I am happy to have this opportunity to pay tribute to the quality and value of the BBC World Service broadcasts, particularly to those countries where closed societies make it difficult or perhaps impossible for people to obtain accurate information not only about the rest of the world but sometimes about their own country. I am well aware of the value attached to the World Service not only by those who listen to it but by hon. Members.
Will my hon. Friend look generously at the needs of the World Service in its next funding period, bearing in mind the fact that we devotees of the BBC World Service regard it as a fine example of a service whose newsmen report the news as it is, not the newscaster's view of it?
I very much note what my hon. Friend says. The World Service has done well under this Government. As I said, its funding has increased by 40 per cent. in real terms since the Government came to power in 1979–80 and its current output is the highest since the 1950s.
Despite what the Minister says, the increased funds needed by the BBC external services cannot make up for the early damage done by the Government when they slashed funds to the British Council and massively increased fees for overseas students. Is not the Government's ill-thought out decision not to fund the world television service a continuation of that earlier Government policy?

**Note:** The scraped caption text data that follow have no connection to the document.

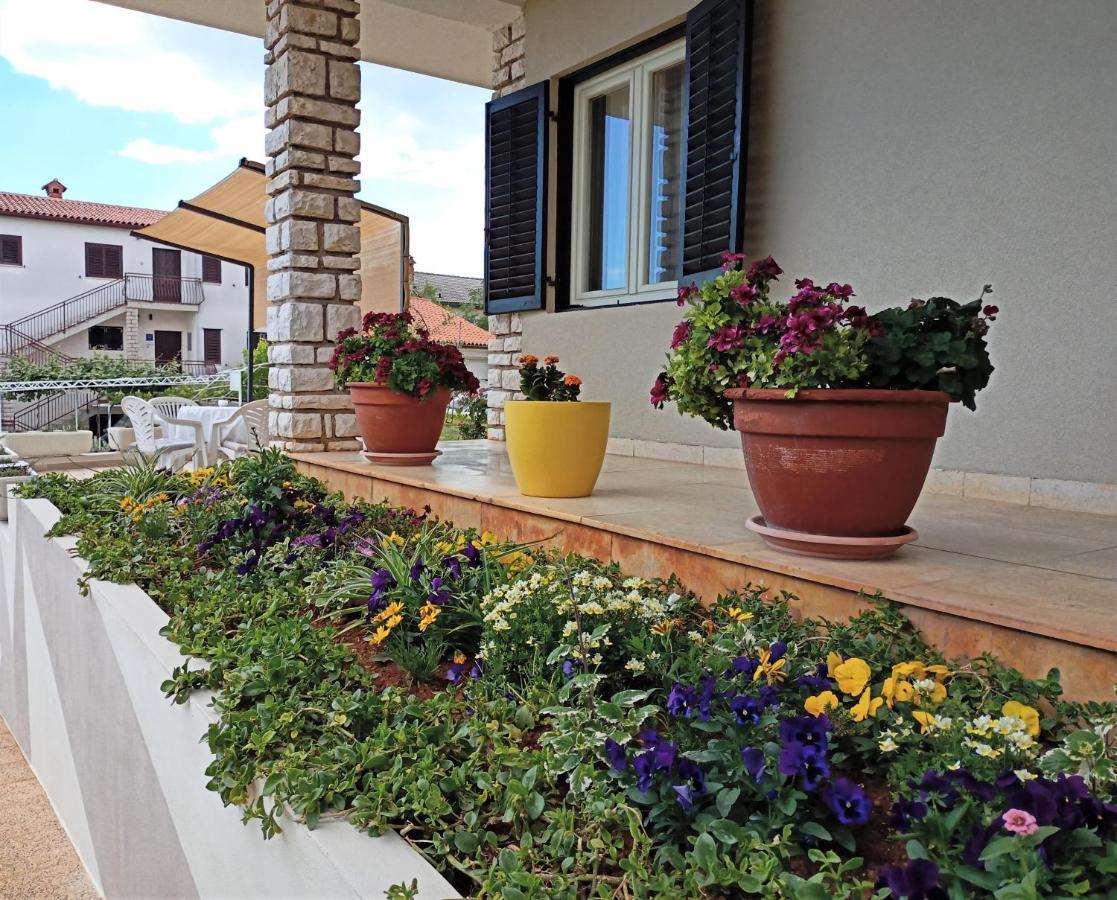 Cozy Apartment In The City Center بولا المظهر الخارجي الصورة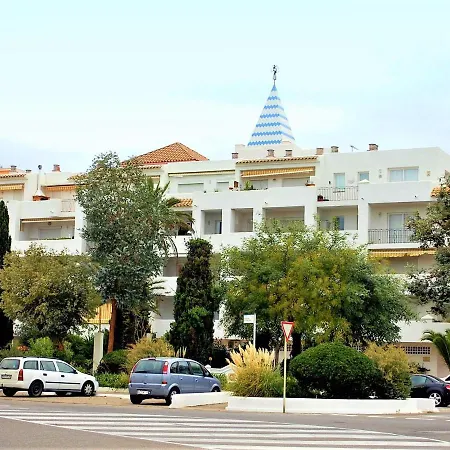 R.marine Con Piscina Y Terraza – - Es-258-26 Rosas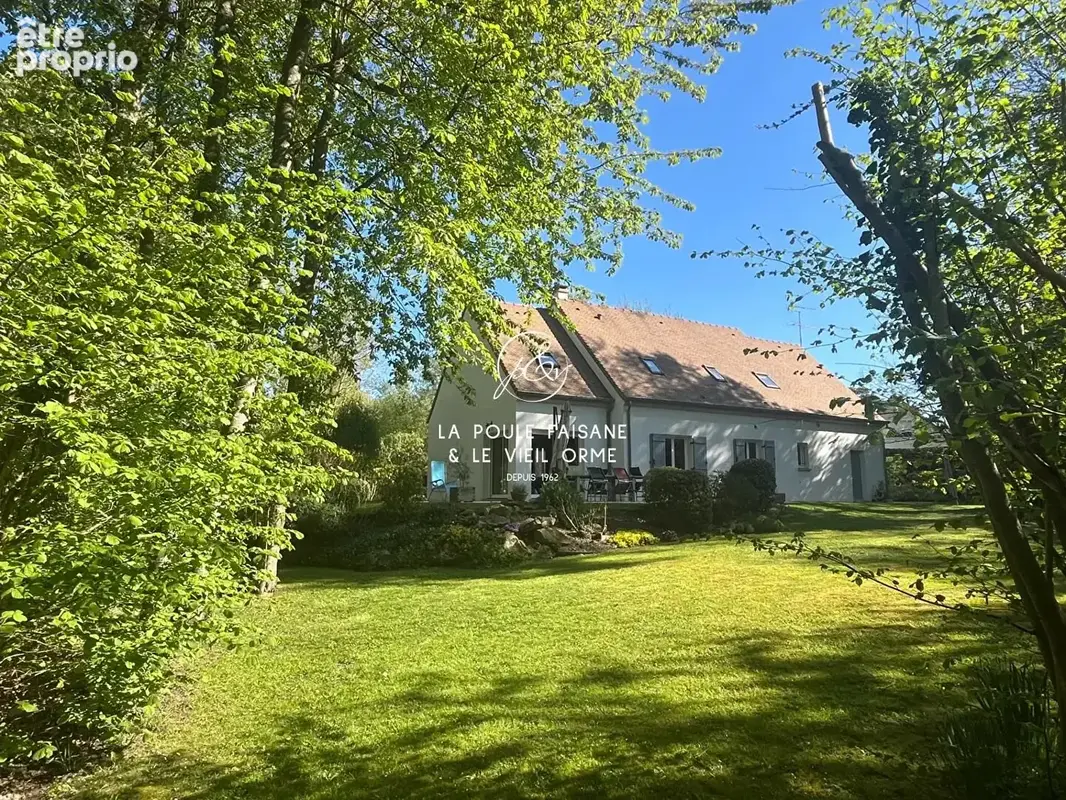 Vente maison contemporaine secteur richebourg - photo 3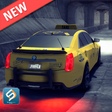 Ícone do programa: Amazing Taxi Sim 2020 Pro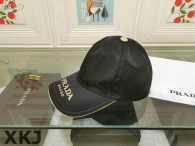 Prada Snapback Hat AAA Quality （3）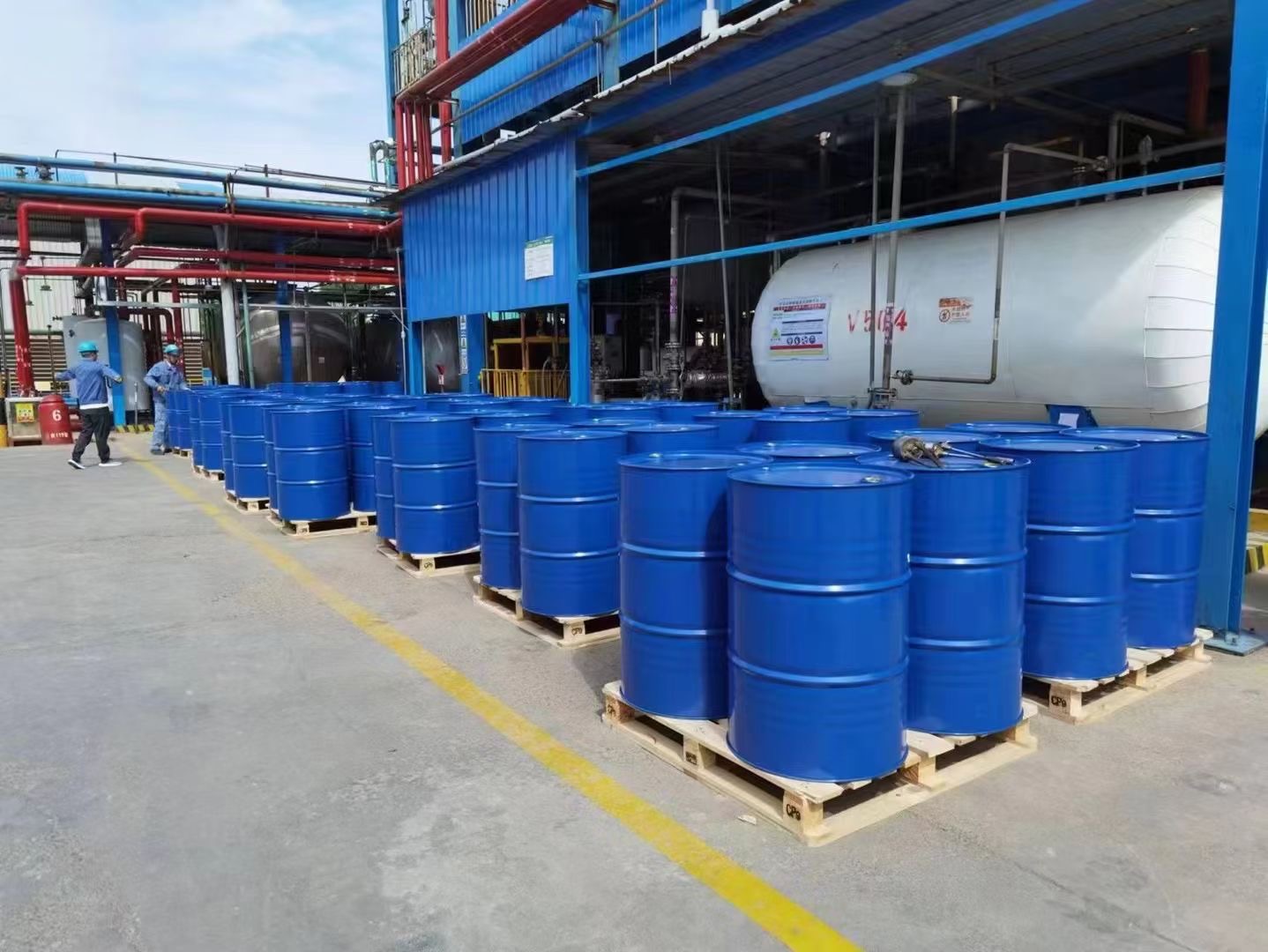 丙酸有什么用途？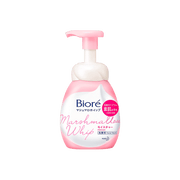 Biore Foaming Face Wash Marshmallow Whip - 150ml - ding - go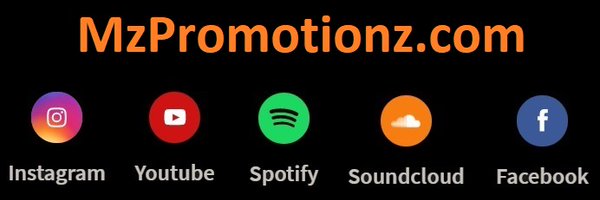 Ava Thompson (Tune Promoter) 🎵 Profile Banner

I am not sure how the hon. Gentleman links funding for the British Council with that for the World Service. They are entirely separate. The hon. Gentleman will be aware that other English language television news services operate without a Government subsidy. I understand that the BBC is seeking to attract private sector support for a world service, and we wish it well in its efforts.
My hon. Friend will be aware that the Government are rightly concerned about obtaining value for money, but does he agree that the BBC World Service gives superb value for money, that it reaches a large number of people—it should reach many more—and that increased funding from the Foreign and Commonwealth Office would be welcome to the many people who value the service and would enjoy its greater audibility?
We are conscious of the point about the importance of audibility and that is why there has been a 10-year audibility programme under this Government, involving new investment of £90 million. I am glad to say that that expenditure programme is almost complete and its results are impressive.